After a few days in Tbilisi, I settled in, made friends, and felt comfortable exploring the city. 

A communications tower that stood high on a bluff over the city was a leftover from Soviet times.  It was a rusty-red color with a large circular lookout deck near the top.

I wanted to explore the area, so I proposed the idea one morning to my new friend Grigory who I had been staying with (he offered me to stay with his family for free and took me away from Mama Nazi, she wasn’t happy about this).

“Grigory, let’s go check out the old radio tower today.”

“Funicular broken.  Only stairs,” he replied. 

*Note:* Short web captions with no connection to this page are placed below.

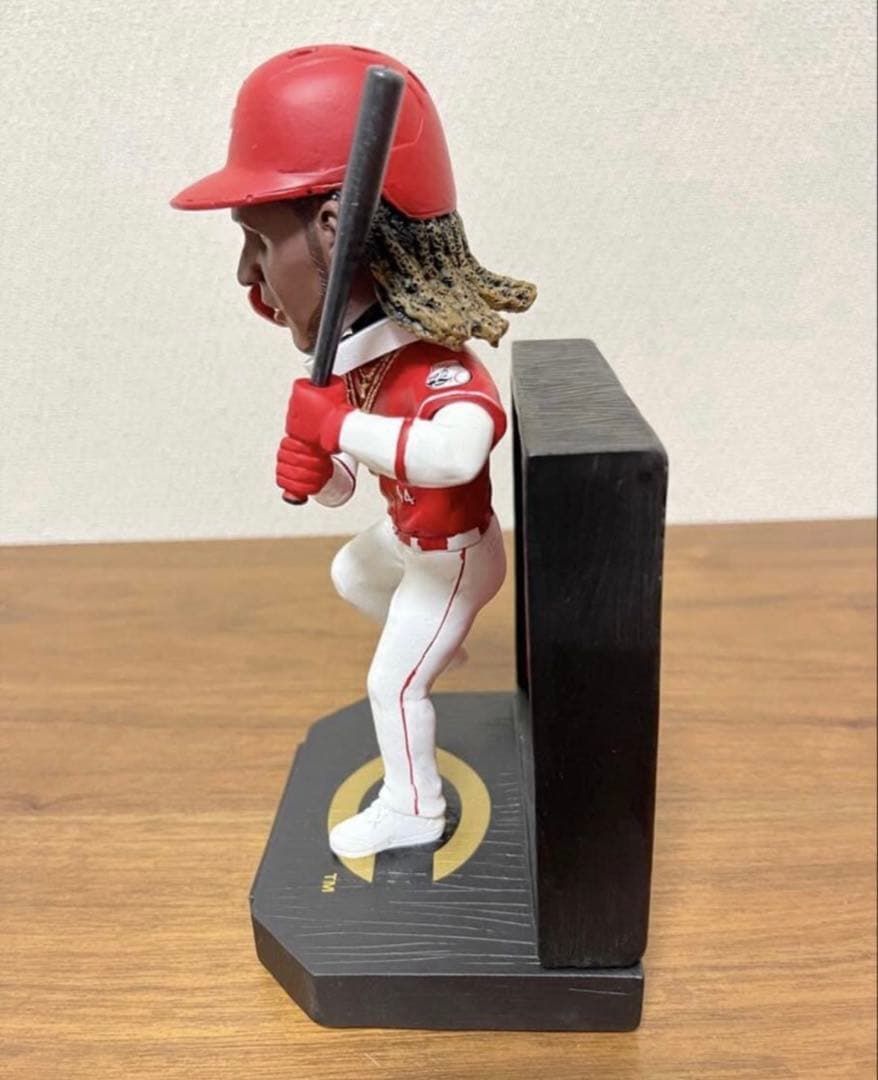 エリー・デラクルーズ　ボブルヘッド 323個限定 foco社製　MLB レッズ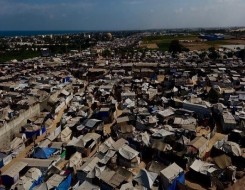 مصر اليوم - تلامذة غزة يستأنفون الدراسة تحت الخيام وسط الدمار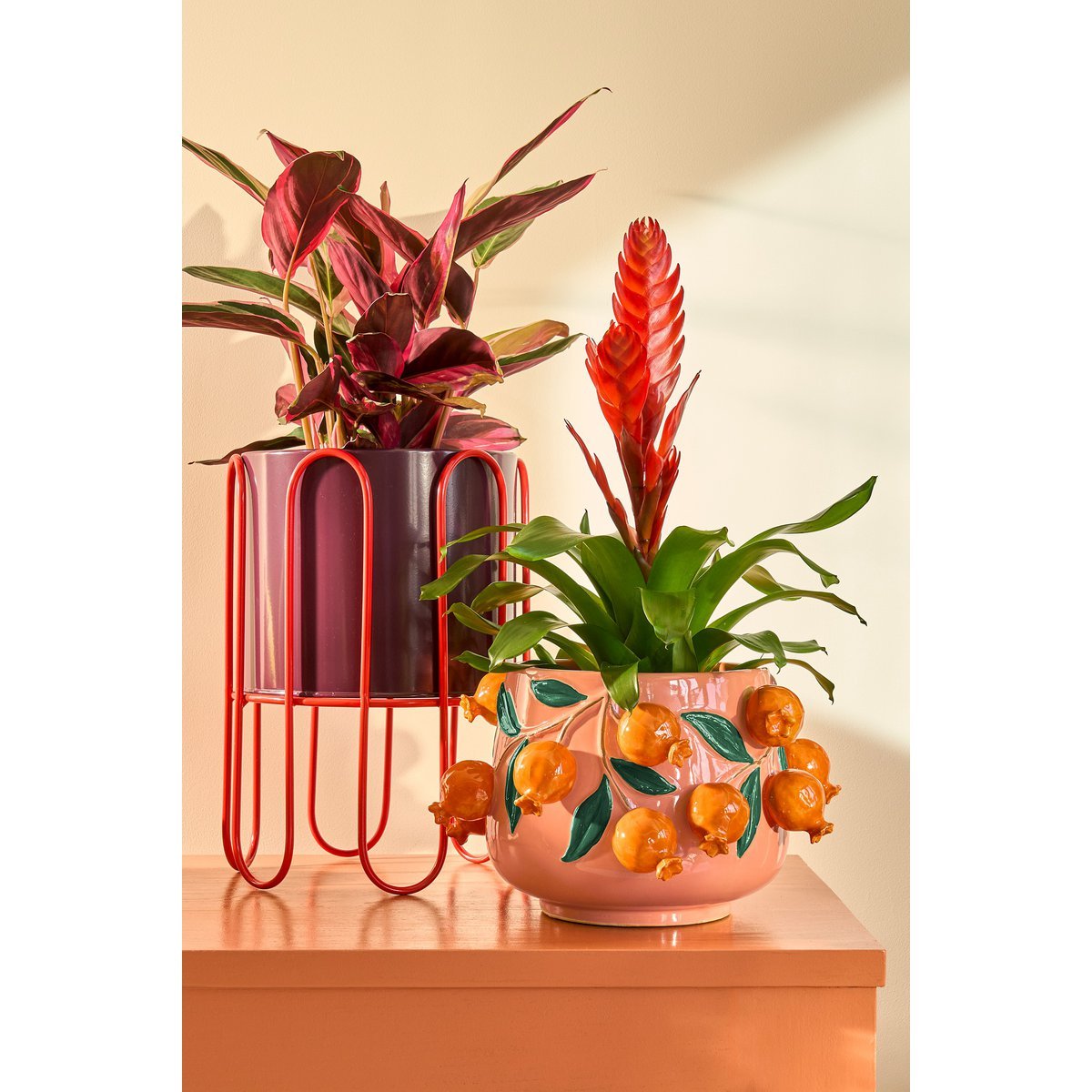 Crimson Duo Dione Set – metalen planters op slanke standaards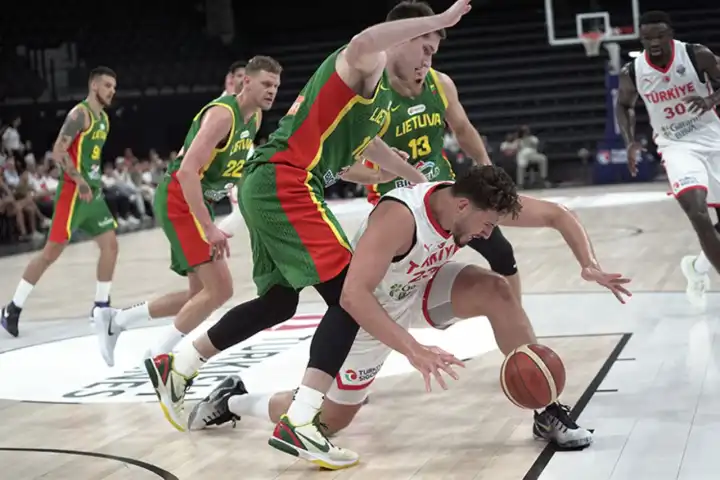 A Milli Erkek Basketbol Takımı ilk hazırlık maçında Litvanya’ya mağlup oldu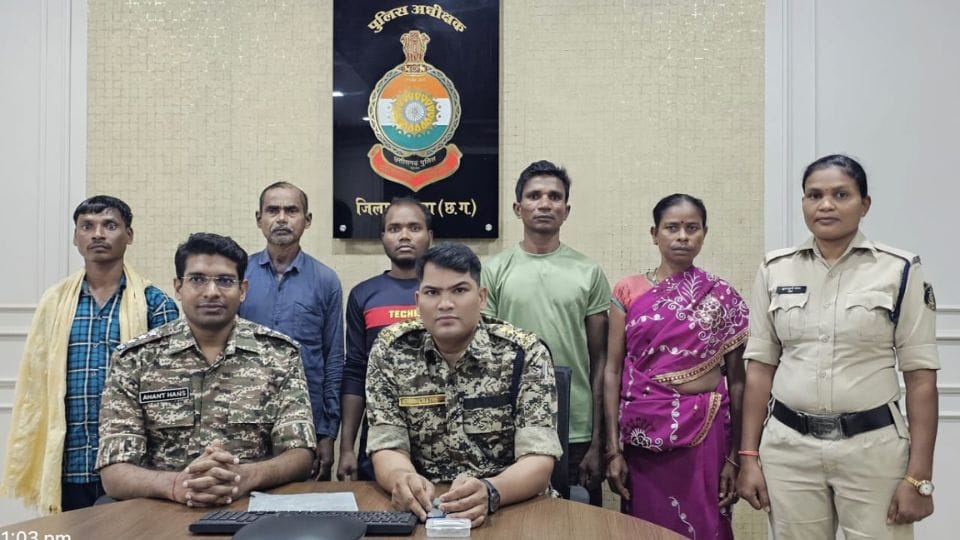 Five Naxalites surrender before police in Sukma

“Common Grigory, it will be fun.  Plus, when is the last time you’ve done something like this?”

“Never.”

My question planted a seed in Grigory’s head.  From the few days I spent with him I realized that his world was small.  It revolved around the church, video games with his friends, and his mother’s cooking. 

“Ok, we can go,” he said with an equal balance of hesitation and excitement.  “We go in fifteen minutes, after breakfast”

I knew by this time fifteen minutes meant two hours In Georgia.  By early afternoon we surfaced from the metro near the start of the hillside. 


Grigory

Grigory

We walked up to the base of the funicular and started climbing the stairs. 

“Peter, this difficult.  I no fitness,”  he gasped while puffing on his cigarette for assistance, inhaling it like it was oxygen.

“Why you no breathing hard Peter?”

“Grigory, we have only gone up a few stairs.  Plus I don’t smoke; it doesn’t help your breathing.”

“Oh…” he said like this was new news.  He picked up his cigarette, examined it with his head tilted, put it close to his face, and looked at it from all angles. 

I let Grigory catch his breath as he put his hands on his knees and hunched over.  Once he put himself back together; I turned around to continue upwards.

Out of the corner of my eye, a blur flew past my periphery.  A whooshing sound loudly entered my left ear; I felt a swift breeze touched my skin.

“Shit!” Grigory said.  

I looked back and saw a large rock smack the concrete about a hundred stairs below us.  Grigory grabbed my arm firmly and yanked me off the stairs and into the bushes.  My stomach was flying.  High above us some young men at the top of the funicular quickly disappeared.  We waited in the bushes. 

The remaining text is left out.